Holger Luczak (Dusseldorf) exhibition “Meeting Places”
Holger Luczak "Meeting Places"
Art history has seen a series of different media and picture forms in which time is rendered visible. Specifically History Painting is one specific example where concrete historical events were deemed worthy of treatment due to their special importance, whereas the daily experience was for a long time considered too banal for illustration and initially found meagre space only in marginal areas of book illumination. It was not until the great age of Dutch and Flemish painting and graphics in the 17th Century that the everyday was finally established in art in the form of genre painting, and soon even landscape painting did not need the justification of a venue for mythological or historical themes.
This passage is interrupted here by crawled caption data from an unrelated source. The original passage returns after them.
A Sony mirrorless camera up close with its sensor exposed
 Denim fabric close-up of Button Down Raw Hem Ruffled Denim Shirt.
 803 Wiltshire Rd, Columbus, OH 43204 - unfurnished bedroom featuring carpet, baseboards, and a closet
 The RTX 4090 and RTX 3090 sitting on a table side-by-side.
The new photographs of Holger Luczak can be seen in the light of this tradition. They show people seeking recreation in Central Park in New York City, tourists at the beach promenade at Scheveningen or playing children in the courtyard of the Düsseldorf Art Museum K 21. Nowhere does anything unusual appear - apparently.
All the places Holger Luczak explores with his camera are public – these are meeting places, places that all different people – motivated by a common interest – to come together.
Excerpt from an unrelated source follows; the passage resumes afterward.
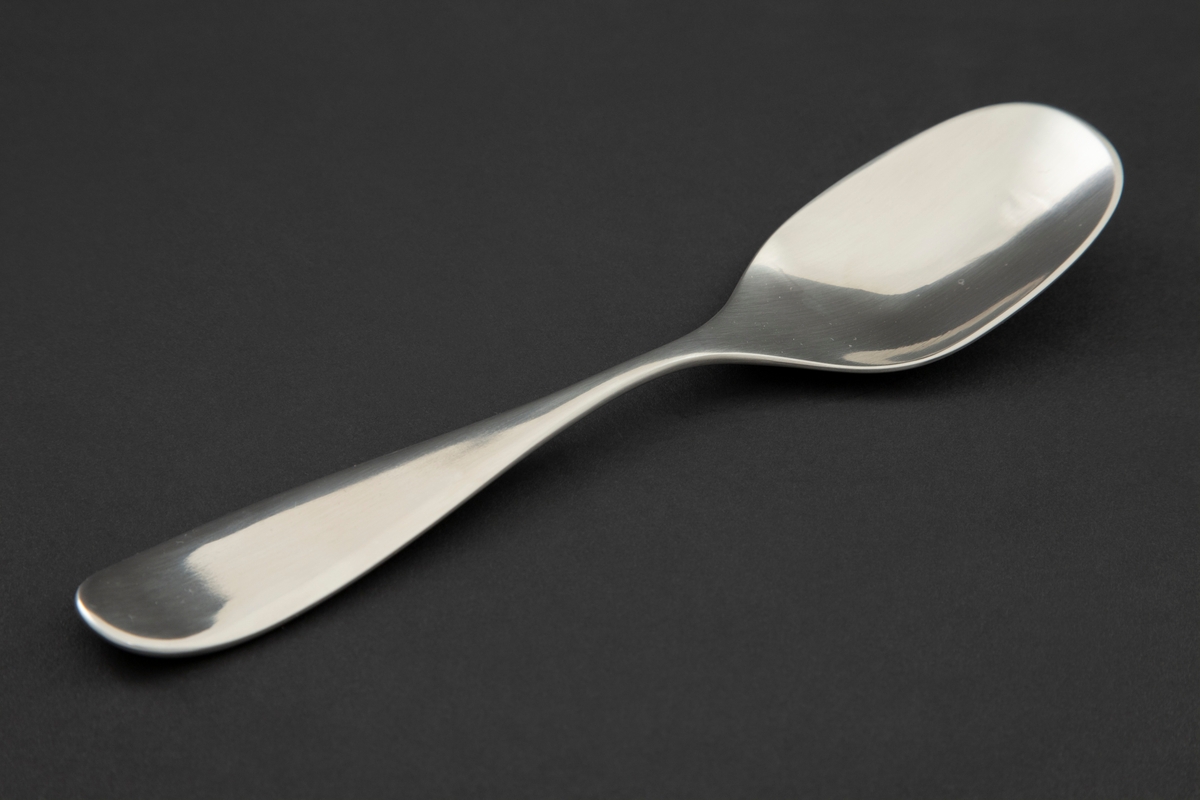 Serveringsskje i mattpolert rustfritt stål. Ovalt skjeblad med smal legg og dråpeformet skaft med oppbøyd, avrundet ende.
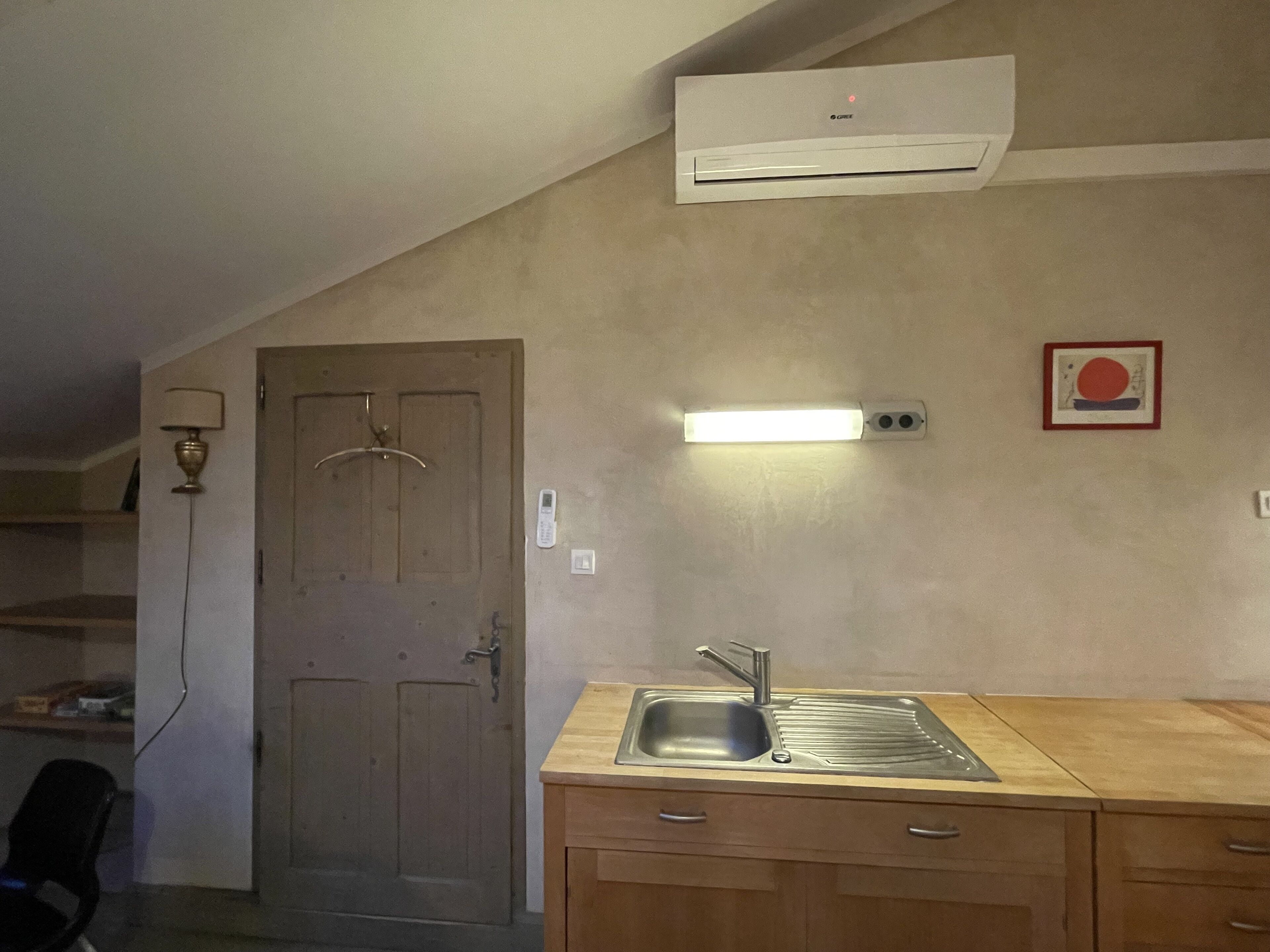A kitchen with a sink, wooden cabinets, an air conditioner, a door, and a wall-mounted light fixture.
The complete casualness of everyday scenes also contains one very special aspect of his pictures that the viewer can easily overlook. This oversight can be due both to the subject of the picture and the technique of photography itself which, despite all our awareness of the many possibilities of manipulation, still has the aura of the veritable and the probable.
A special status, if for no other reason than its triple form, is held by the triptych "Holocaust Monument 1 to 3". This motive is again distinguished not least by the varied form of the grey concrete blocks of the Peter Eisenman design. This pictorial group is formed into a unit by the lines of the room depth, moving from the left to the right in the first picture, in the centre in the second and from the right to the left in the third. The flanking pictures also show visitors to the monument only on the upper margin, whereas the picture in the centre shows several people also in the foreground. Here we can see, amongst other people, a young man who jumps from the left to the right over a row of blocks and seems to be acting in conflict with the gravity of the place. The venue finally is also special from a historical point of view, as it was very close to this that those officials and Nazi grandees gathered to plan and order the mass murder that is being commemorated here. In fact, all of these places become in Luszak's pictures also places where stories intermingle and overlap; certainly not always in such tragic dimensions as in Berlin, but parallel to the meeting of people at these locations, who perhaps even return here several times.
The famous cemetery in Montmatre in Paris was the venue for a picture that is emblematic for the potential of Luczak's photographs. Various people meet at the grave of the poet Heinrich Heine, including a woman on the left, visible both in front of and behind a grave monument. It appears that she is being mirrored and in reality is encountering her own view. This motif, which also conjures up the myth of Narcissus, is presented here as the possibility of reflecting on one’s own position in time, which particularly in a cemetery also implies awareness of one’s own ultimate mortality.
Appearing casually in each picture, none of these motifs are random, and in fact they open up for us a discursive potential not restricted to the subject of the film fixed in the picture, but rather takes this as a starting point to lead us into new ideas and emotions.